109-OR: Notch Signaling Controls Islet Architecture and ß-Cell Function in the Developed Pancreas

Abstract

Although β cell dysfunction is a well-appreciated contributor to type 2 diabetes (T2D) pathophysiology, determinants of β cell function are incompletely understood. For instance, disrupted islet architecture is associated with T2D progression in humans and rodent models, but the identity of the molecular elements that govern islet architecture remain mostly unknown. Nevertheless, data suggest that the spatial arrangement of the different cell types that form the endocrine islets influences cell-to-cell communication and β cell function. The Notch pathway transduces signals between neighboring cells in pancreas development, then thought to be silenced in the developed endocrine islet. However, recent reports have uncovered a maladaptive Notch response in adult β cells in T2D patients and obese rodent models.
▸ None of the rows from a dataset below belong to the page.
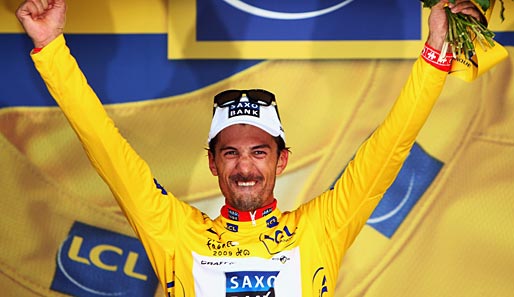 Cancellara ergatterte sich mit seinem Sieg das begehrte Maillot Jaune und geht auf die 2. Etappe mit 18 Sekunden Vorsprung auf...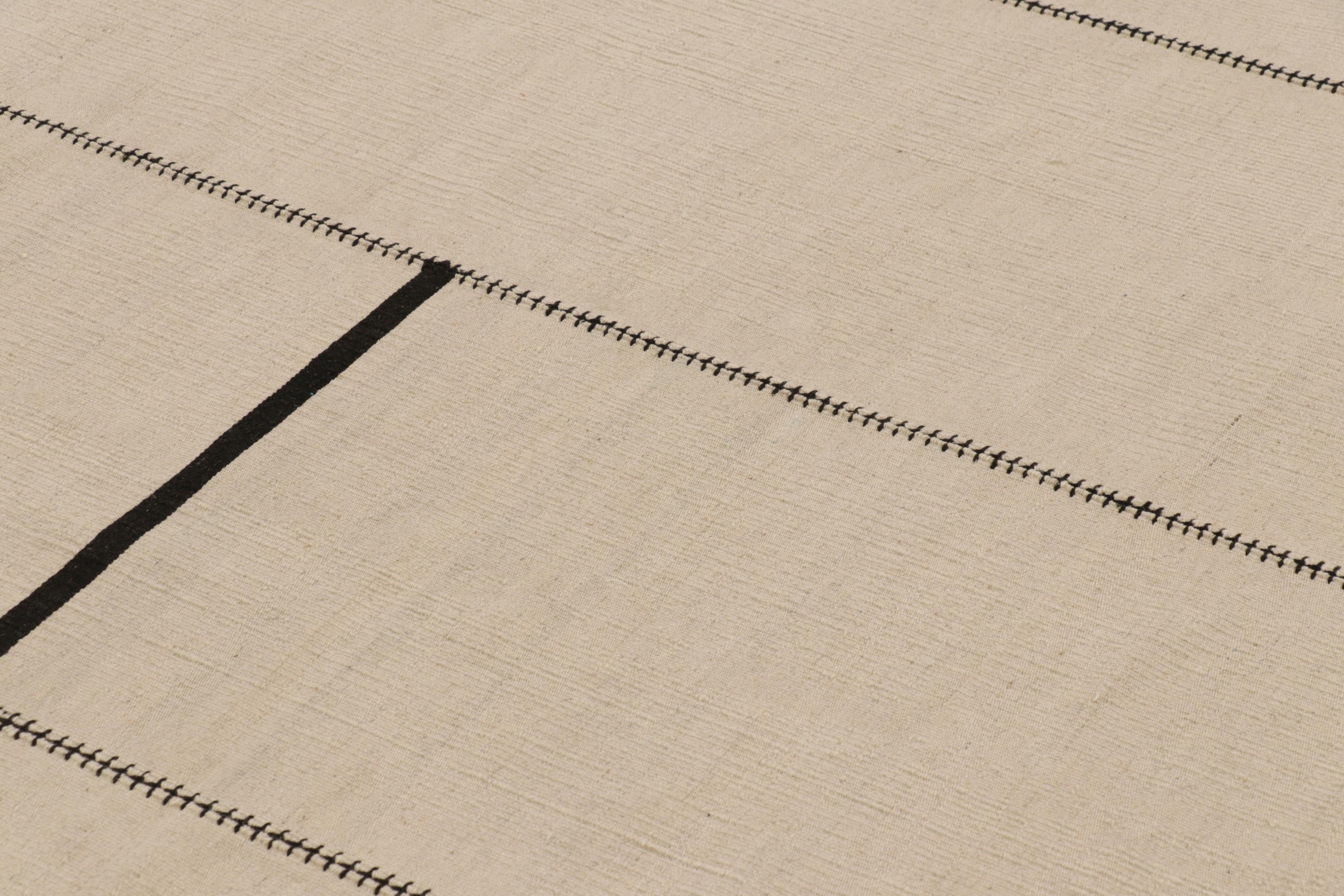 Afghan Rug & Kilim's Contemporary Kilim in Cream and Black Tones (Kilim contemporain dans les tons crème et noir) en vente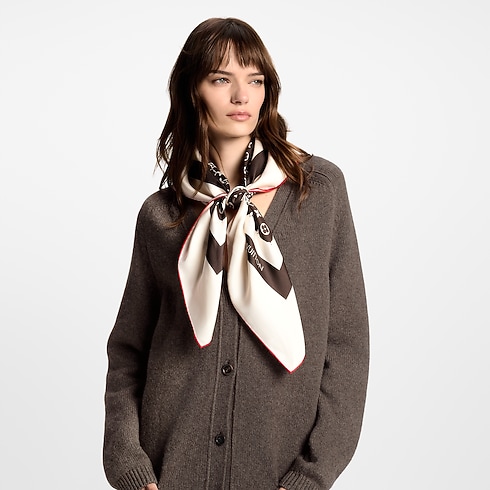 Monogram Silhouette Square 90 . in Women's Accessories Silk Squares and Bandeaus collections by Louis Vuitton (Product zoom)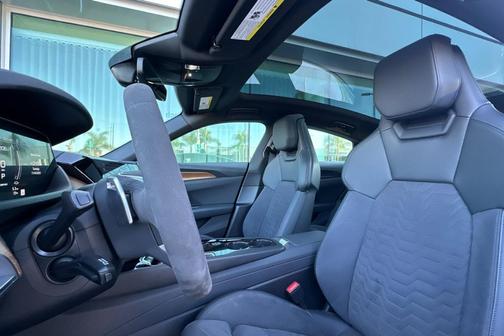 2022 Audi e-tron GT Premium Plus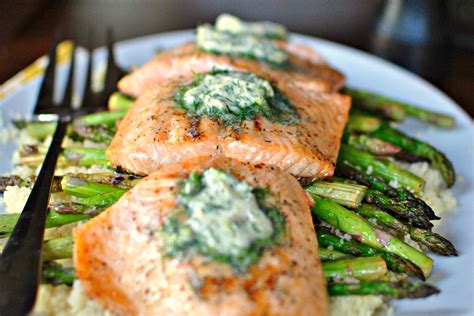 Broiled Salmon with Dill Butter - calories, carbs, nutrition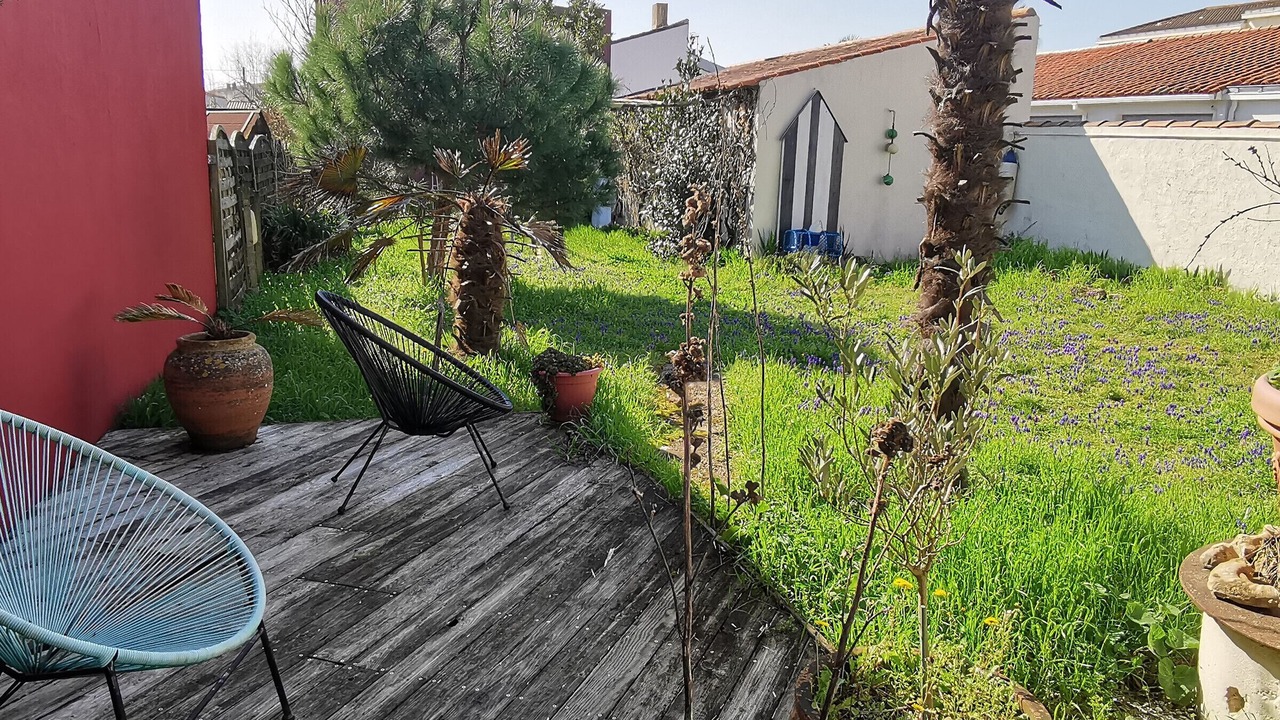 Photo of Patio Balcony in LʼAiguillon-sur-Mer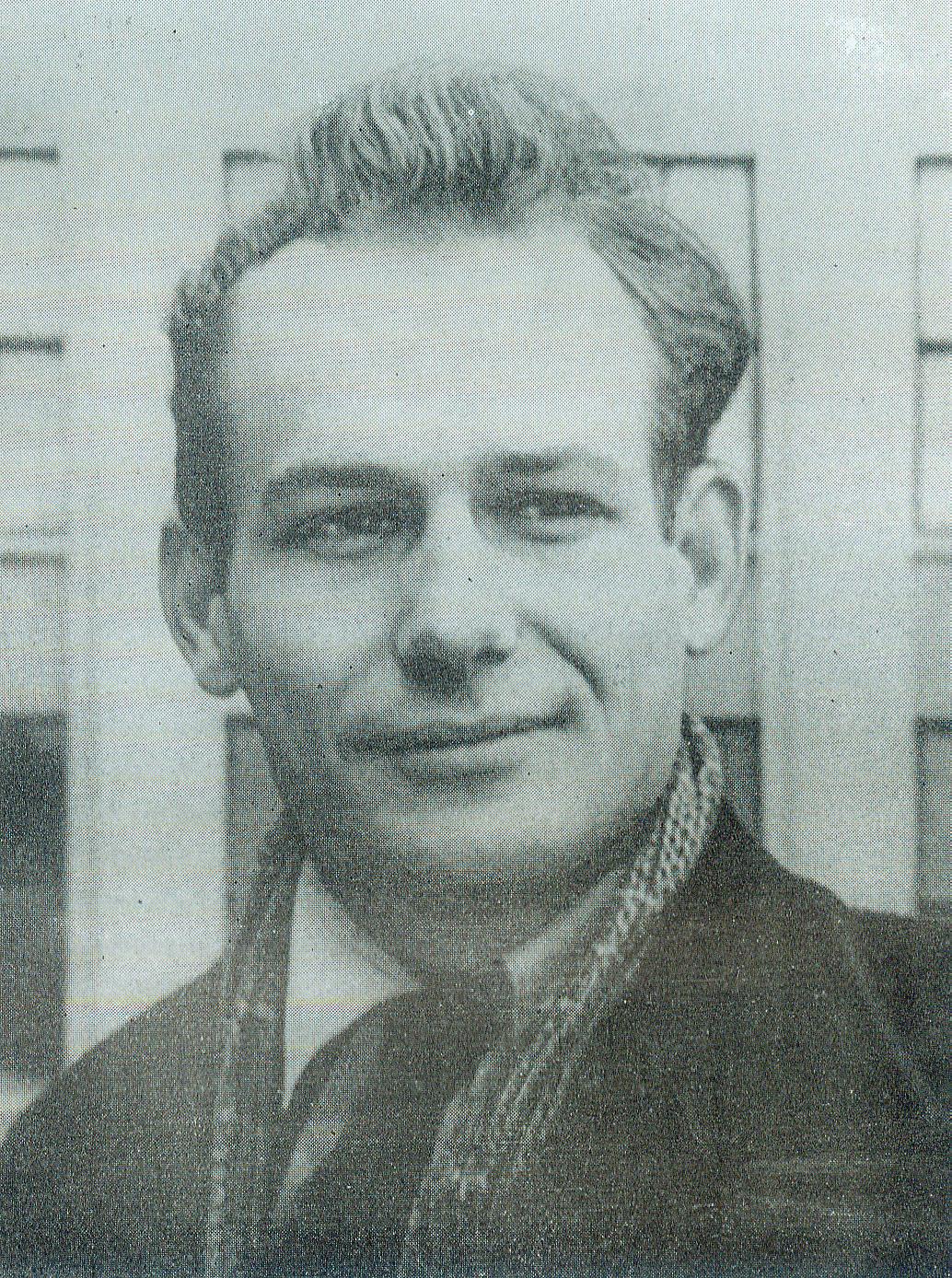 І. Мележ (1945). Крыніца ілюстрацыі: Збор твораў : у 10 т. / Іван Мележ ; рэдкалегія: А. М. Адамовіч [і інш. ; аўтар уступнага артыкула А. Адамовіч ; Акадэмія навук БССР, Інстытут літаратуры імя Я. Купалы]. – Т. 1 : Апавяданні, аповесці / рэдактар тома У. В. Гніламёдаў ; падрыхтоўка тэкстаў і каментарыі К. В. Піліповіч. – 1979. – С. 1 уклейкі паміж с. 288–289.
To test the repercussions of Notch activity, we created β cell-specific gain-of-function mice that express a constitutively-active Notch intracellular domain (β-NICD). β-NICD mice show a profound disorganization of islet architecture, loss of β cell maturity and marked glucose intolerance. Importantly, we generated a second model that allows doxycycline-dependent expression of NICD (β-TetO-NICD), which recapitulates the phenotypes of β-NICD mice, even when NICD is induced in adulthood. Upon doxycycline withdrawal, β-TetO-NICD mice recover markers of β cell maturity, but disrupted islet architecture and glucose intolerance persist in β-TetO-NICD mice as compared to controls. To assess the molecular mechanisms of these findings, we performed unbiased transcriptomic screening of adult islets, which identified differentially expressed pathways that regulate cell-to-cell communication in different systems. These studies uncover β cell Notch signaling as a novel determinant of islet architecture, and suggest that Notch inhibitors repurposed from oncology pipelines may have potential application to correct obesity-related β cell dysfunction in patients with T2D. Disclosure A. Bartolome: None. U. Pajvani: Research Support; Self; Sanofi. Funding American Diabetes Association (1-17-PMF-025 to A.B.)